### [Work request]
Print the lines of the entries below from the one with "Mercedes-Benz E-Class E" through the final line, exactly as they appear. The pictures are not part of the copy.

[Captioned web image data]
= = = =

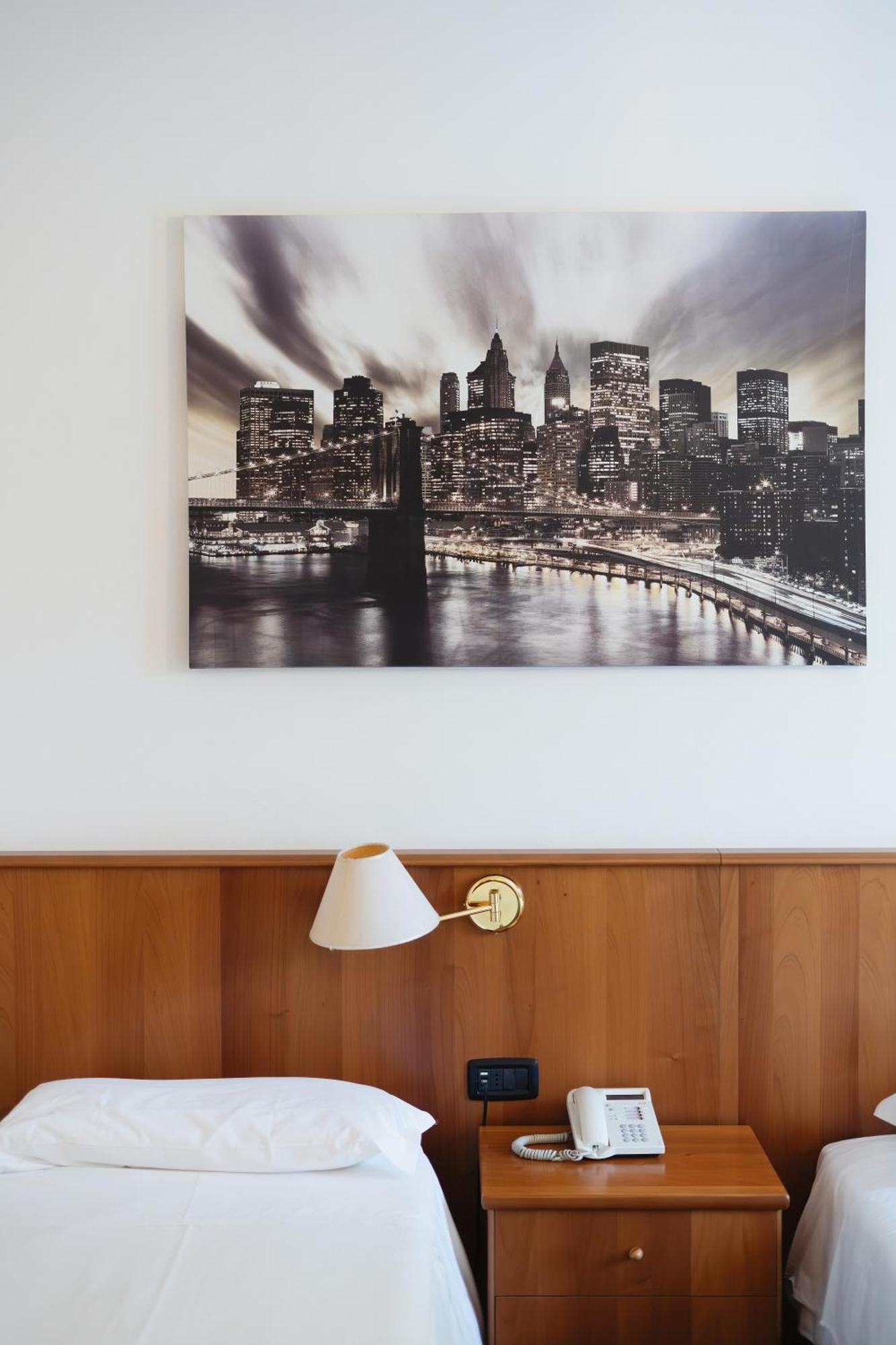 Standard Single Room,1611101186:JPEG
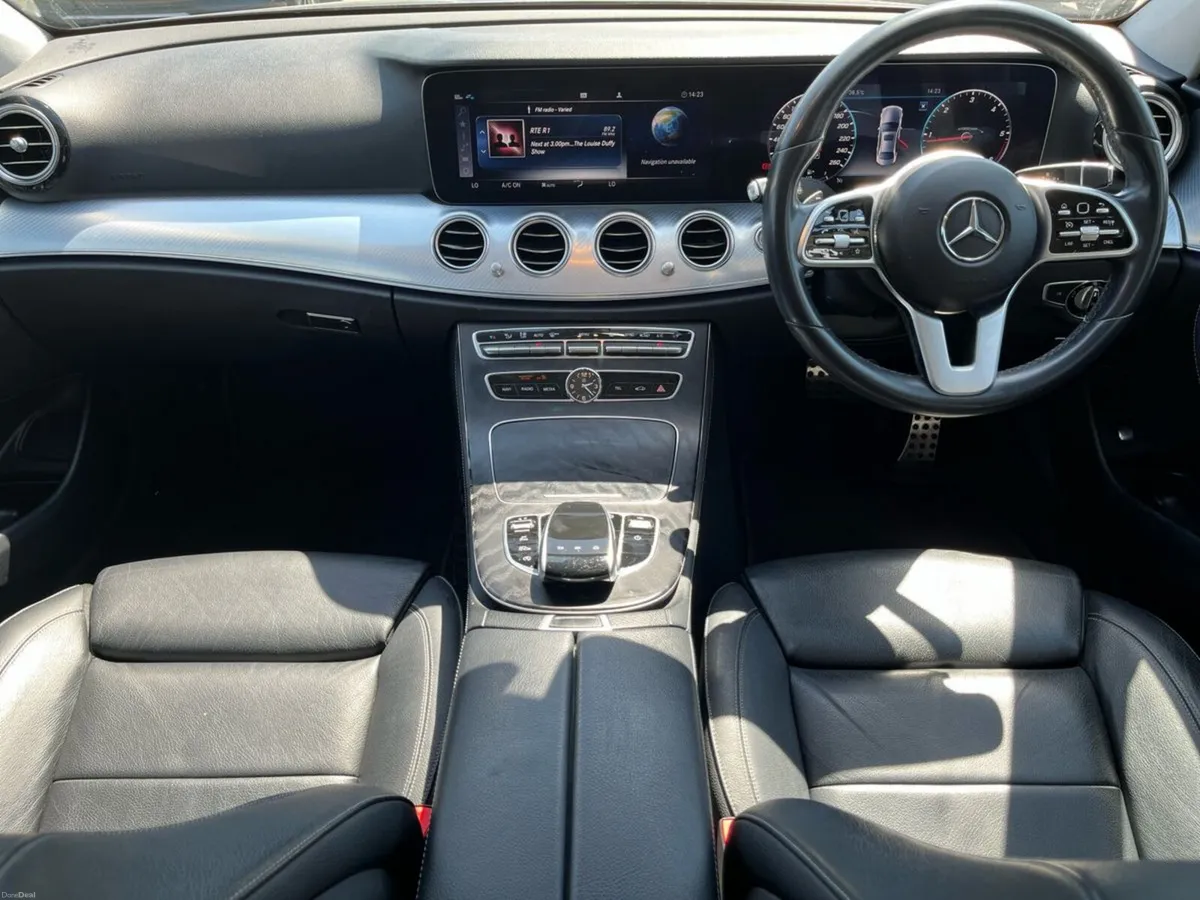 Mercedes-Benz E-Class E 220D Avantgarde Line Saloo - Image 4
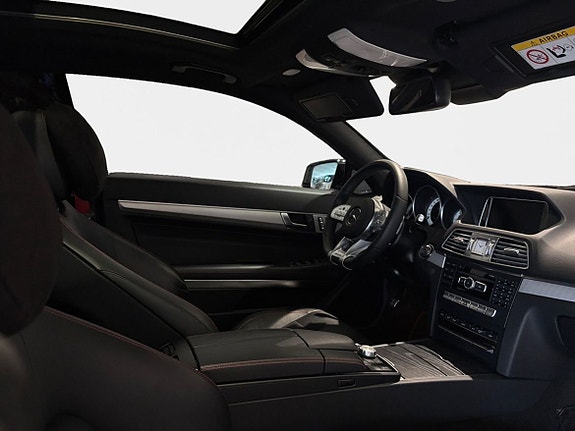Mercedes-Benz E300 de 17 of 20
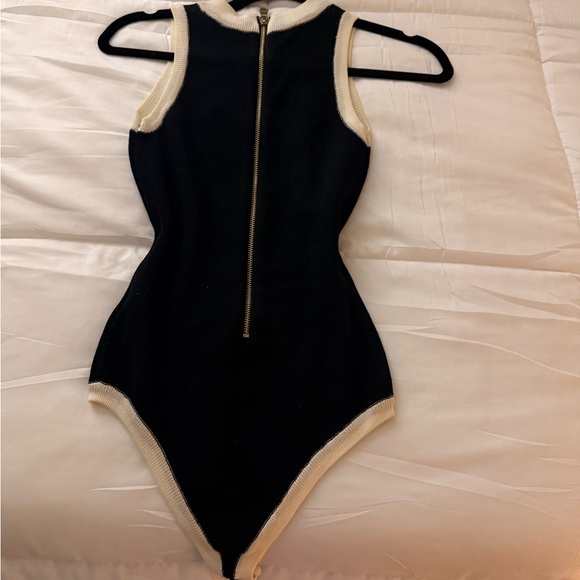 Balmain Kids Monochrome Sleeveless Bodysuit - Picture 2 of 2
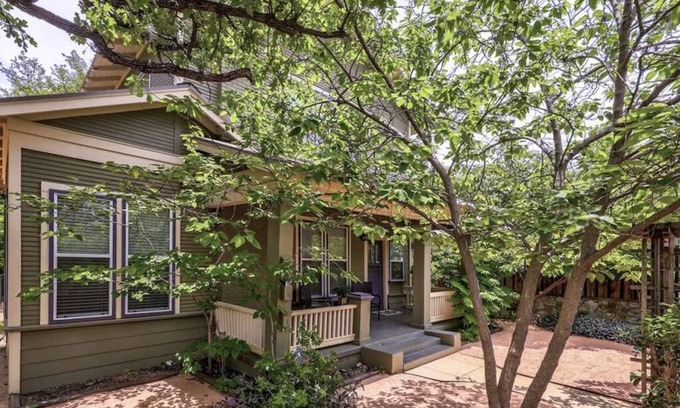 Central East Austin Casa | 6 Bedrooms in #1 Central Location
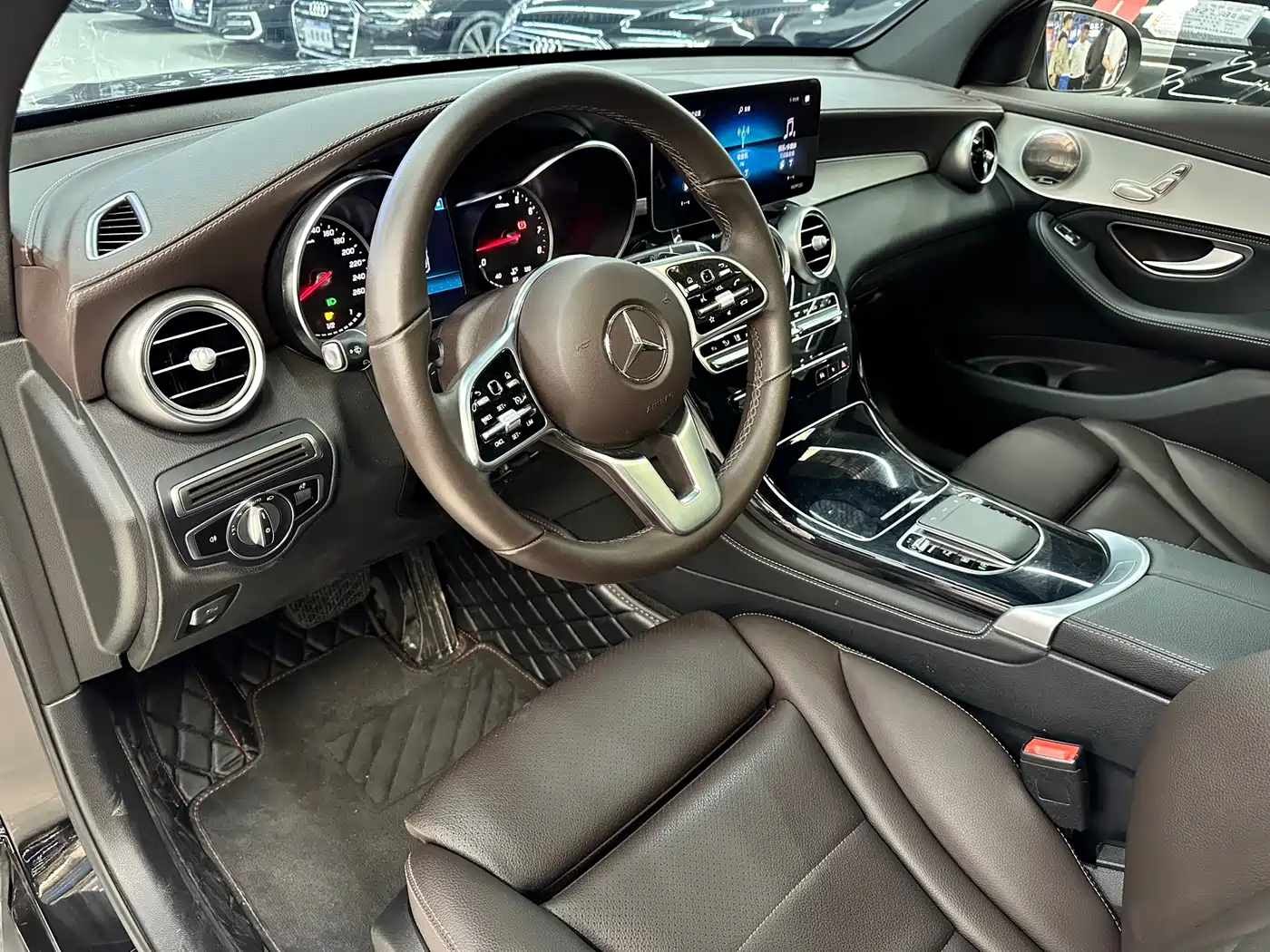 MERCEDES-BENZ GLC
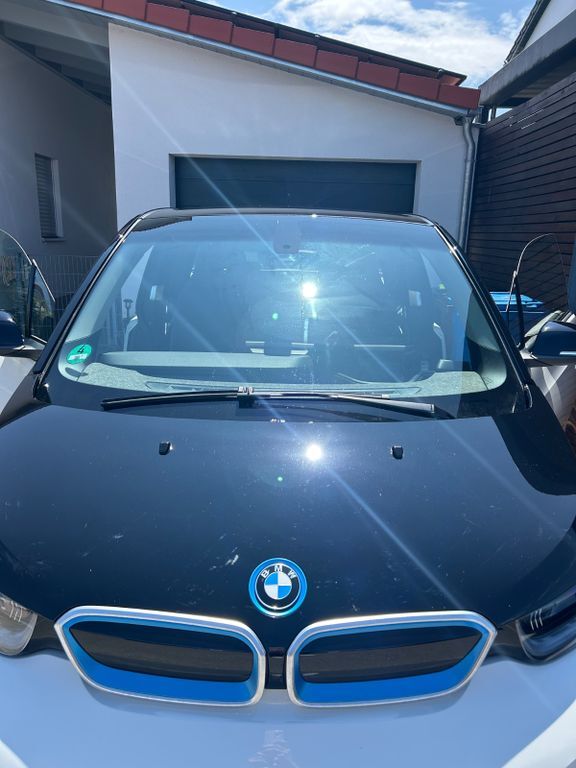 i3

= = = =

### [Solution to this task]
 Mercedes-Benz E-Class E 220D Avantgarde Line Saloo - Image 4
Mercedes-Benz E300 de 17 of 20
 Balmain Kids Monochrome Sleeveless Bodysuit - Picture 2 of 2
 Central East Austin Casa | 6 Bedrooms in #1 Central Location
 MERCEDES-BENZ GLC
 i3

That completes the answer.